Pourquoi vouloir arranger une patente qui marche? Voilà la première réaction que j'ai eue hier en apprenant que le ministre fédéral des Finances Jim Flaherty songeait à privatiser la Société canadienne d'hypothèques et de logement (SCHL), d'ici 5 à 10 ans, parce qu'elle n'a plus sa raison d'être, selon lui.

La SCHL, rappelons-le, est une société de la Couronne qui assure auprès des grandes institutions financières les prêts hypothécaires des acheteurs de maison dont la mise de fonds est insuffisante, lorsqu'elle est inférieure à 20% de la valeur totale du prix d'achat d'une propriété.

Cet endossement permet - la plupart du temps - aux premiers acheteurs de maison de contracter un emprunt hypothécaire. Sans cette garantie de la SCHL, pour laquelle ils doivent payer une prime annuelle, ces acheteurs ne pourraient contracter d'emprunt, ni donc accéder à la propriété.

Le ministre Flaherty, qui était fort inquiet du lourd endettement des ménages canadiens et des risques que ce surendettement se transforme en crise immobilière, comme celle qui s'est produite aux États-Unis, a justement beaucoup réduit ce niveau de risque depuis quelques années.

En ramenant de 40 à 35 ans la durée d'amortissement d'un prêt hypothécaire en 2008, puis de 35 à 30 ans en 2011 et, enfin, de 30 à 25 ans en juillet dernier, le ministre a considérablement réduit le niveau d'emballement du marché immobilier.

Depuis le dernier budget fédéral, la SCHL est aussi maintenant assujettie au Bureau du surintendant des institutions financières et doit faire l'objet d'examens au stress financier comme les banques et les autres institutions prêteuses.

Le ministre estime toutefois que les contribuables canadiens n'ont pas à supporter la forte exposition de plus de 570 milliards de dollars des garanties de prêts que la SCHL a contractées auprès des institutions financières. C'est aux banques à faire ce travail, avance-t-il.

Le ministre a en partie raison, mais la dernière crise des hypothèques à risque aux États-Unis a démontré que les banques, pas plus que les agences américaines semblables à la SCHL - les Fanny Mae et Freddy Mac -, n'ont été capables de gérer la crise causée par le manque de liquidités dans le marché.

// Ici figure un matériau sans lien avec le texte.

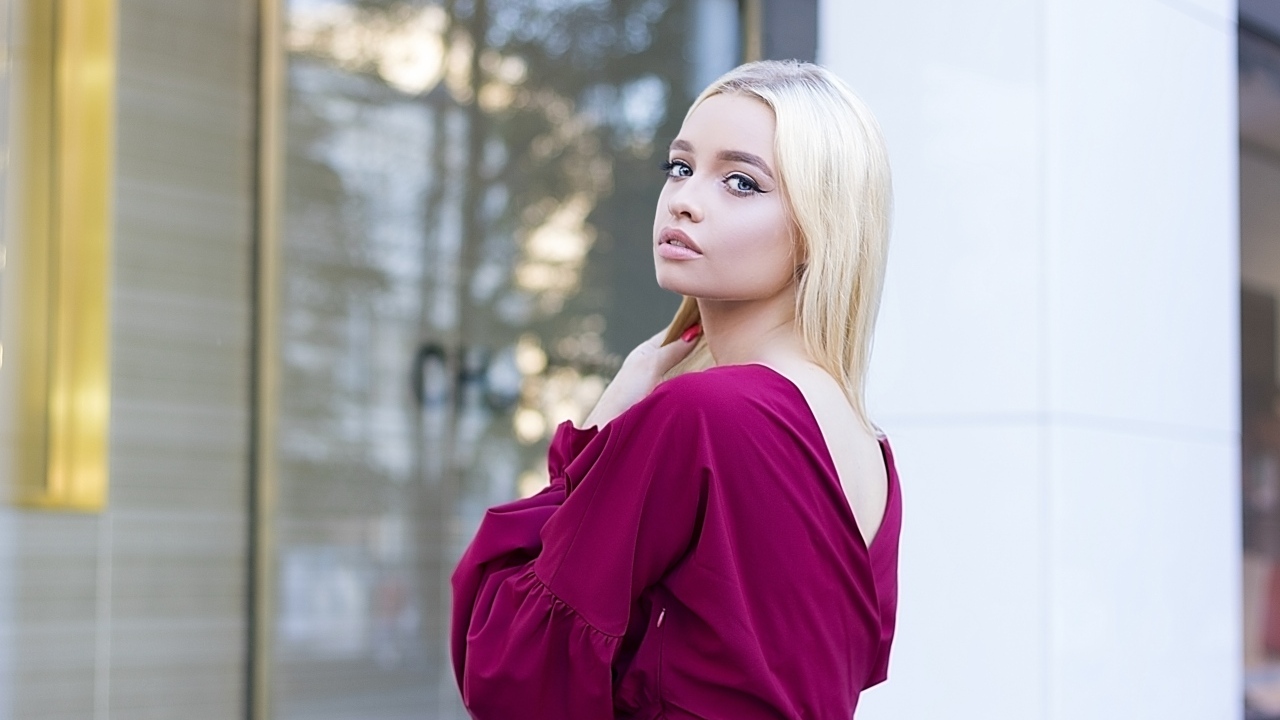 Милая девушка блондинка в платье стоит у здания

Dans tous les cas, c'est le gouvernement américain qui a dû procéder à des rachats massifs de créances hypothécaires.

La réflexion à voix haute de M. Flaherty ne commande donc pas d'actions urgentes, d'autant plus que le système financier canadien est cité partout dans le monde comme un modèle à suivre. Le ministre des Finances n'a fait que verbaliser le credo économique libéral classique des conservateurs.

Ce qui n'est pas le cas de son collègue, le ministre de l'Industrie Christian Paradis, qui a décrété à minuit vendredi soir que la proposition d'achat de la société canadienne Progress Energy Ressources par la société malaisienne Petronas ne pouvait aller de l'avant parce que le Canada n'en retirerait pas assez de bénéfices.

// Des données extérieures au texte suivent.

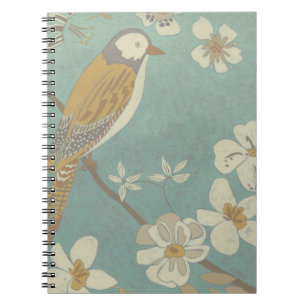 Cuaderno Ave amarilla, gris y beige colocada en una rama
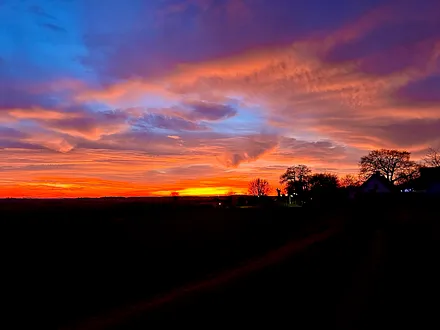 Sonnenuntergang/ Blick vom Grundstück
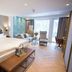 Hotel Jagdhaus Wiese in Schmallenberg guest room with double bed, seating area and balcony doors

Rappelons que Petronas s'était entendue avec le producteur de gaz naturel Progress Energy pour acquérir ses activités en Alberta et en Colombie-Britannique dans le cadre d'une OPA amicale de 6 milliards.

Après examen de la transaction, le bureau du ministre de l'Industrie n'a pas trouvé un avantage net pour le Canada. Les deux parties ont 30 jours pour en appeler de la décision du ministre.

Les conservateurs, qui devraient être les premiers à défendre jusqu'à la mort le droit suprême du marché de décider ce qu'il y a de mieux pour lui, viennent de dire non à une transaction négociée librement et de bonne foi entre deux parties consentantes.

C'est un bien mauvais message que le ministre Paradis envoie aux investisseurs étrangers, d'autant plus que le même ministre vient tout juste de prolonger d'une autre période de 30 jours l'examen de l'acquisition au prix de 15,1 milliards de la société Nexen par la société d'État chinoise CNOOC.

Pas facile de suivre la pensée néolibérale des conservateurs dans l'action. Le ministre Flaherty s'y accroche quand ce n'est pas nécessaire et le ministre Paradis fait tout à fait le contraire en s'enfermant dans un protectionnisme excessif.